Databricks Workflows: end-to-end data pipeline orchestration
João Barros
20 de October de 2025
2 min read
Databricks Workflows (formerly Jobs) let you orchestrate complex pipelines with multiple tasks — notebooks, Python scripts, SQL queries, Delta Live Tables — with dependencies, automatic retry and notifications.
Anatomy of a Workflow
Job
├── Task: ingest_bronze (Notebook: 01_ingest)
├── Task: transform_silver (Notebook: 02_transform, depends on ingest_bronze)
├── Task: aggregate_gold (Notebook: 03_aggregate, depends on transform_silver)

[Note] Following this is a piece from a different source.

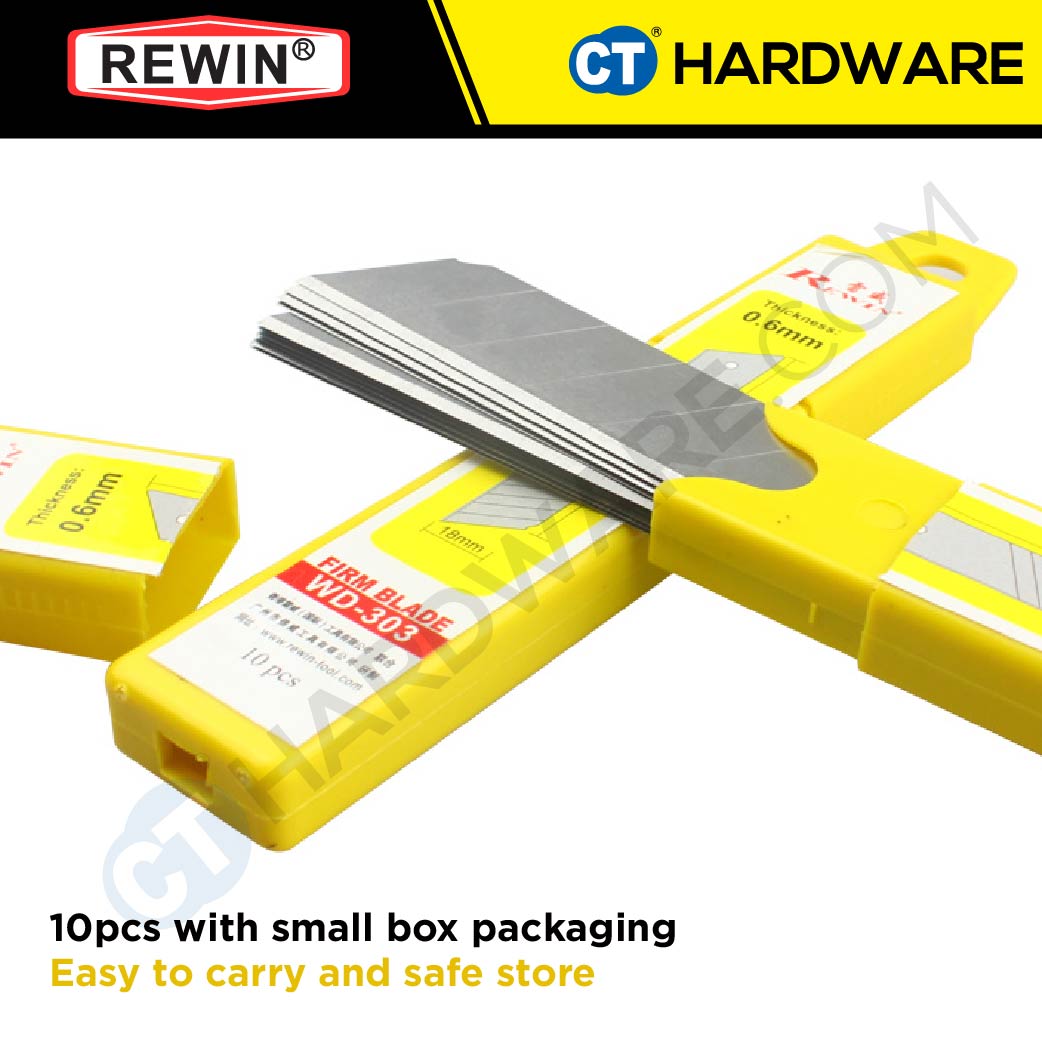 REWIN WD303 SK5 STEEL LARGE CUTTER BLADE 0.6MM THICKNESS 10PCS | BOXED HARDWARE TOOLS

└── Task: refresh_powerbi (Python script, depends on aggregate_gold)
Create via REST API
POST /api/2.1/jobs/create
{
"name": "Daily_Sales_Pipeline",
"tasks": [
{
"task_key": "ingest_bronze",
"notebook_task": {"notebook_path": "/Pipelines/01_ingest"},
"new_cluster": {"spark_version": "15.4.x-scala2.12", "num_workers": 4}
},
{
"task_key": "transform_silver",
"depends_on": [{"task_key": "ingest_bronze"}],
"notebook_task": {"notebook_path": "/Pipelines/02_transform"},
"existing_cluster_id": "{{cluster_id}}"
}
],
"schedule": {"quartz_cron_expression": "0 0 6 * * ?", "timezone_id": "Europe/Lisbon"},
"email_notifications": {"on_failure": ["dados@bconcepts.pt"]}
}
Dynamic parameters
# In the notebook, read job parameters
dbutils.widgets.get("run_date")
# Pass parameters in the task
"base_parameters": {"run_date": "{{job.start_time.iso_date}}"}
Retry and timeouts
"max_retries": 2,
"min_retry_interval_millis": 300000, // 5 minutes between retries
"timeout_seconds": 3600 // fail if it takes more than 1h
Conclusion
Databricks Workflows remove the need for external orchestration tools for Spark pipelines. For more complex cross-platform cases, combine with Azure Data Factory by calling the Databricks REST API.